Pretender to the Crown: Marek Hamšík, Slovakia
Only 22, Hamšík is already his country’s captain and talisman, and their ninth highest scorer of all-time, to boot. Although they separated politically from Czechoslovakia in 1993, this is the first time the Slovaks have qualified for the World Cup, and they’ll be looking to young Hamšík to help establish a relatively new country’s World Cup pedigree.
The Current King: Eusébio, Portugal (England 1966)
Before Eusébio, there were no true world class African players. But the “Black Pearl” changed that, and Eusébio’s performances at the 1966 World Cup remain an integral part of his legend. In England, Eusébio scored nine goals, including at least one in every match after the group stage. Portugal lost to hosts and Eventual winners England in the semifinals, but still managed to beat the Soviets 2-1 to take home third place.
Pretender to the Crown: Landon Donovan, USA
The United States is one of the last great frontiers for football, and has yet to produce a player truly capable of standing toe to toe with the big guns of Europe and South America. Landon Donovan, however, is arguably the best player the USA has ever produced, and his brief loan stint with Everton this winter earned him rave reviews and instant cult status with the Goodison faithful. With a relatively comfortable World Cup draw, he’ll be given every chance to shine this summer, and maybe, help shine a brighter light on American soccer.
The Home Turf Hero
The Current King: Salvatore Schillaci, Italy (Italy 1990)
Although his ecstatic face became, for many, the lasting image of Italia 90, “Toto” Schillachi didn’t even make his Azzuri debut until he was subbed into Italy’s first group match. Despite this, he went on to score six goals, and became just the second player to win the World Cup golden boot on home soil.
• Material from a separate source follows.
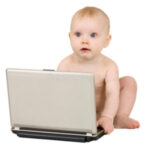 Baby sitting with a laptop, looks curious.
Amazingly, he would only score one more international goal for Italy, but this flash in the pan lit up his whole country for a month, and etched his name into the record books.
Pretender to the Crown: Didier Drogba, Ivory Coast
The tournament may be hosted in South Africa, but it’s swiftly becoming a seminal moment for all of African football, and if an African player is to take home the Golden Boot, it will probably be Didier Drogba. Although a controversial and divisive figure on and off the pitch, the Ivory Coast captain is a powerful striker with an impressive goal scoring record.
The Golden Pairing
The Current Kings: Ronaldo and Rivaldo, Brazil (Korea/Japan 2002)
Ronaldo and Rivaldo came into the 2002 World Cup as arguably the most talented attacking pair in the world. At least one half of the duo scored in every single one of Brazil’s World Cup matches, and they both netted on seven separate occasions, finishing as first and joint second highest scorers, respectively, while leading their country to its fifth World Cup title. Fittingly, both were named to the team of the tournament, with Ronaldo also ending up with the Silver Ball and World Player of The Year honors.
Pretenders to the Crown: Fernando Torres and David Villa, Spain
Fresh off of their historic Euro 2008 win, where Villa was top scorer, there is no more in-form and dangerous pair of forwards in the world. Both are technically gifted natural finishers, and consistently put up excellent numbers. Like Brazil in 2002, Villa and Torres have an absurdly talented squad supporting them, and are seen by many as clear favorites to win the tournament. If they are to do so, they would do well to learn from the unselfishly brilliant play of their Brazilian predecessors.